| WORK REQUIRED |
Your answer must hold only the lines below from the line containing "Question five: Which" through the line containing "Your jaw dropped", each reproduced exactly.

| Stored items |
↓↓↓

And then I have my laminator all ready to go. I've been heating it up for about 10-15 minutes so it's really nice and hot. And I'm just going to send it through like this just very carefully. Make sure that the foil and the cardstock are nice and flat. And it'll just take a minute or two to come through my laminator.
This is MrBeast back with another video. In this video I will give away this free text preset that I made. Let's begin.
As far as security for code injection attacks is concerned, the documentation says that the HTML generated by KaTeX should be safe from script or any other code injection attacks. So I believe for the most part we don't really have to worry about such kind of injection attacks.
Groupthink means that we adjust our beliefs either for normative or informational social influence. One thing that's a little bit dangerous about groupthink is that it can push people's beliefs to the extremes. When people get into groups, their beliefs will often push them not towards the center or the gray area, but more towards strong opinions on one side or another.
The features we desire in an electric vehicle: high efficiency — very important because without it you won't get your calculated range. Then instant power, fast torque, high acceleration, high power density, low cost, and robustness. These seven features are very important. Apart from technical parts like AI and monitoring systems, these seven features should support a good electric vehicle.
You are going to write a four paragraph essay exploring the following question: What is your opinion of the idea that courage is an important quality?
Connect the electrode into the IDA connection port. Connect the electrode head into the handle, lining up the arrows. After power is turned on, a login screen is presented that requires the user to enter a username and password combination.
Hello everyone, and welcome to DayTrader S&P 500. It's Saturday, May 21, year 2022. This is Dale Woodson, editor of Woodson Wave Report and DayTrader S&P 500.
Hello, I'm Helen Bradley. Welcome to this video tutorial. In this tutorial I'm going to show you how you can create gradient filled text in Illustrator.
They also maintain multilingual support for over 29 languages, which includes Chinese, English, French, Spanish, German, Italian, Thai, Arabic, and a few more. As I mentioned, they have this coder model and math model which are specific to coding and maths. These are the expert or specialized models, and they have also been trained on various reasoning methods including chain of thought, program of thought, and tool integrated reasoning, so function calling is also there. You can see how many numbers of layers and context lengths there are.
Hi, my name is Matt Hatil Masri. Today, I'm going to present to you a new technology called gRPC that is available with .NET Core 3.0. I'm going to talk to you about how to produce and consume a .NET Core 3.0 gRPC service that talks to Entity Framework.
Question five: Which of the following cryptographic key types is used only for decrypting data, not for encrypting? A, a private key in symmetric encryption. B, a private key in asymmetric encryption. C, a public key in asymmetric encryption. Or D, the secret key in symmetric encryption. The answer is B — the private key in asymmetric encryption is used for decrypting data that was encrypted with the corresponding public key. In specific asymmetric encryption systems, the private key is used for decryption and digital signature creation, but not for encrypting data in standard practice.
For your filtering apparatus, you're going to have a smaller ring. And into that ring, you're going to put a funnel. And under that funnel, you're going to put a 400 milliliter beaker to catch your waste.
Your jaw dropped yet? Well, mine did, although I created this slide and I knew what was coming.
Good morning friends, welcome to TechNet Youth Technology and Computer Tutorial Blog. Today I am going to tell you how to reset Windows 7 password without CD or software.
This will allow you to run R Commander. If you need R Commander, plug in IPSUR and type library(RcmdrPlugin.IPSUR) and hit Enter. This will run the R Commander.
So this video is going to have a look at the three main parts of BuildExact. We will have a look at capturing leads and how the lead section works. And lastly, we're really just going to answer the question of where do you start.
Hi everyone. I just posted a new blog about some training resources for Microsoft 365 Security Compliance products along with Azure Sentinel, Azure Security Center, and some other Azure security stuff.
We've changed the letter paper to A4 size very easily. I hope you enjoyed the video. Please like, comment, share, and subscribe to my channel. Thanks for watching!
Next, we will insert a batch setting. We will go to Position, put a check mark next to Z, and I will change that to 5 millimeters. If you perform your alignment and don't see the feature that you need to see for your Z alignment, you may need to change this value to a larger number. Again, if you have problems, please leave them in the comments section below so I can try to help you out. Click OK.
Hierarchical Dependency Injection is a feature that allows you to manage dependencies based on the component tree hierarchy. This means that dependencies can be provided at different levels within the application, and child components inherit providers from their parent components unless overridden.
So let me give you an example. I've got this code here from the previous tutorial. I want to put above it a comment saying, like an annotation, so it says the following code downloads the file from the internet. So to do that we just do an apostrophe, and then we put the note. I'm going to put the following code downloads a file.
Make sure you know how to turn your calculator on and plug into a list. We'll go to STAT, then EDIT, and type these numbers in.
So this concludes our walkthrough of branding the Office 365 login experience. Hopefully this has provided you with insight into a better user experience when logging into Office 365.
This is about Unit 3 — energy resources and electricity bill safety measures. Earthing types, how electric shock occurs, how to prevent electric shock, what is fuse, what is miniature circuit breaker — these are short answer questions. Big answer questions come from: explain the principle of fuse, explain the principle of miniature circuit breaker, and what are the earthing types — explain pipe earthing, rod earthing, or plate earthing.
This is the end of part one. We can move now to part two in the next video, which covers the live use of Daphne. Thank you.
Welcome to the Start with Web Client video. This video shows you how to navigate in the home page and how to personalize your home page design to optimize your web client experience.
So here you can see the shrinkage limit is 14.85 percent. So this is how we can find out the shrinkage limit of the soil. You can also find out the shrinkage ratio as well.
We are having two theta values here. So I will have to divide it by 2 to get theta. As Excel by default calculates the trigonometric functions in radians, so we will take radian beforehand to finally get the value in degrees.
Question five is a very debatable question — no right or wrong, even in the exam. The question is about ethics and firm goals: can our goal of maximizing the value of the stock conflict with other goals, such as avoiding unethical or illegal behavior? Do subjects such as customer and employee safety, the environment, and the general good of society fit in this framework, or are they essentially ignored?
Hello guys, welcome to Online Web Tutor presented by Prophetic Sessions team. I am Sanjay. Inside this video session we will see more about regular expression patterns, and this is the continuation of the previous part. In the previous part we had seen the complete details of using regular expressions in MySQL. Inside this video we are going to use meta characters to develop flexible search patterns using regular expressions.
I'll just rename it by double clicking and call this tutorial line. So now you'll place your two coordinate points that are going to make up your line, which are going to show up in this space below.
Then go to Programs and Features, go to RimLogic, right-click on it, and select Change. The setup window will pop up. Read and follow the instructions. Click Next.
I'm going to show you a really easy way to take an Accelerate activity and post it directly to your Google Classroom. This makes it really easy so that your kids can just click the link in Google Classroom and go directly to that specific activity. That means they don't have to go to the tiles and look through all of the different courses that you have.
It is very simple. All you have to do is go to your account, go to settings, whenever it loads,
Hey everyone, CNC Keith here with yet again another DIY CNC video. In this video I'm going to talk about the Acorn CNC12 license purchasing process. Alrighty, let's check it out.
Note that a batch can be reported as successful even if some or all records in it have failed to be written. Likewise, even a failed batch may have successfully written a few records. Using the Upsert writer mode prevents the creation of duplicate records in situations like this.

↑↑↑

| EXPECTED OUTPUT |
Question five: Which of the following cryptographic key types is used only for decrypting data, not for encrypting? A, a private key in symmetric encryption. B, a private key in asymmetric encryption. C, a public key in asymmetric encryption. Or D, the secret key in symmetric encryption. The answer is B — the private key in asymmetric encryption is used for decrypting data that was encrypted with the corresponding public key. In specific asymmetric encryption systems, the private key is used for decryption and digital signature creation, but not for encrypting data in standard practice.
For your filtering apparatus, you're going to have a smaller ring. And into that ring, you're going to put a funnel. And under that funnel, you're going to put a 400 milliliter beaker to catch your waste.
Your jaw dropped yet? Well, mine did, although I created this slide and I knew what was coming.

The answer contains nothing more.